Food and water. The most basic of human requirements. Over the last few thousand years you would think that the human race might have perfected the art of sustenance – filling our bodies with just the right blend of ingredients to keep ourselves fit and healthy. But as Nutrition and Hydration Week attempts to highlight, there is still much to be done.

If anything, the modern diet is worse than that of the generations that have preceded us. With rates of obesity and Type 2 diabetes at an all-time high, there is clear evidence to suggest that society is not paying enough attention to our nutritional needs.

The aim of Nutrition and Hydration Week 2016 is to:

“Create a global movement that will reinforce and focus, energy, activity and engagement on nutrition and hydration as an important part of quality care, experience and safety improvement in health and social care settings.”

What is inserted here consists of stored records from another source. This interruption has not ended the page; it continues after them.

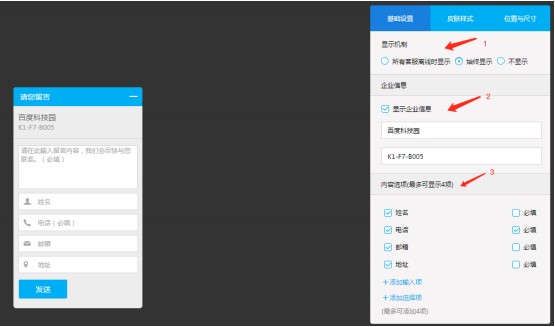 百度商桥官方下载邀请框设置教学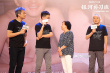 俞白眉携《银河补习班》回家乡 邓超被“举高高”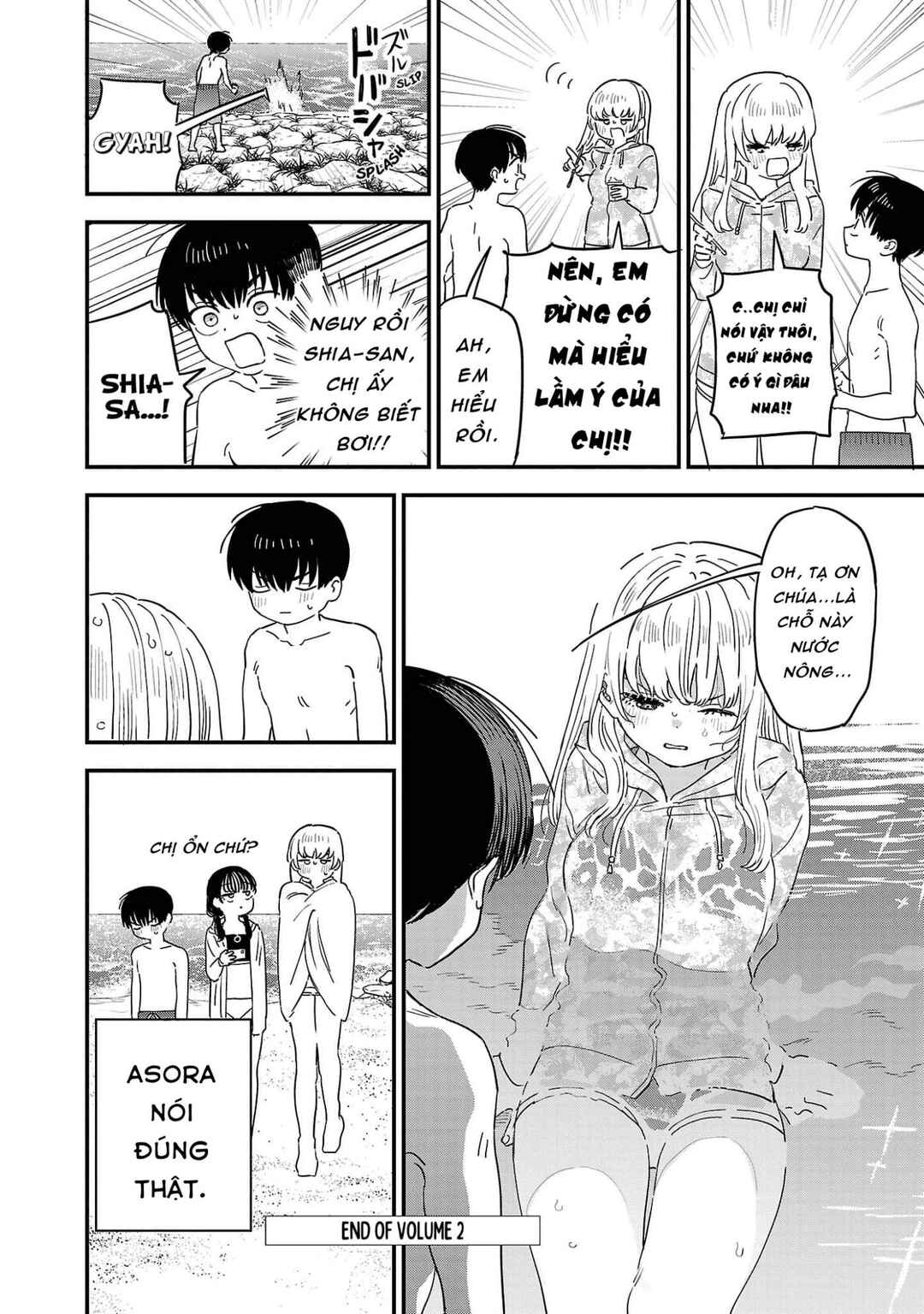 I'm in Love with the Older Girl Next Door Chapter 24.5 - Page 10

With this in mind, let us take a closer look at how your diet can help you stay fit and healthy.

The macronutrients

Macronutrients refers to the nutrients the body needs in relatively large quantities to survive. Eating any of the three main macronutrients to excess can lead to unnecessary weight gain, but no one can survive without these substances altogether.

Fats

While the word ‘fats’ may seem like a dirty word, it is important to establish that a number of fats are important to a healthy diet. While too much in the way of trans-fats can lead to furring of the arteries, weight gain and all manner of health problems, a regulated level of fat and fatty acids plays an important role in absorbing essential vitamins, keeping your skin healthy and fuelling your energy levels. Among the best sources of ‘good fats’ comes from fish, oils (olive oil and canola oil), avocados and nuts.

Carbohydrates

Carbohydrates have also come under fire in recent years as a key reason why people find it difficult to keep weight off. But make no mistake, we need carbohydrates in our diet as fuel for our muscles.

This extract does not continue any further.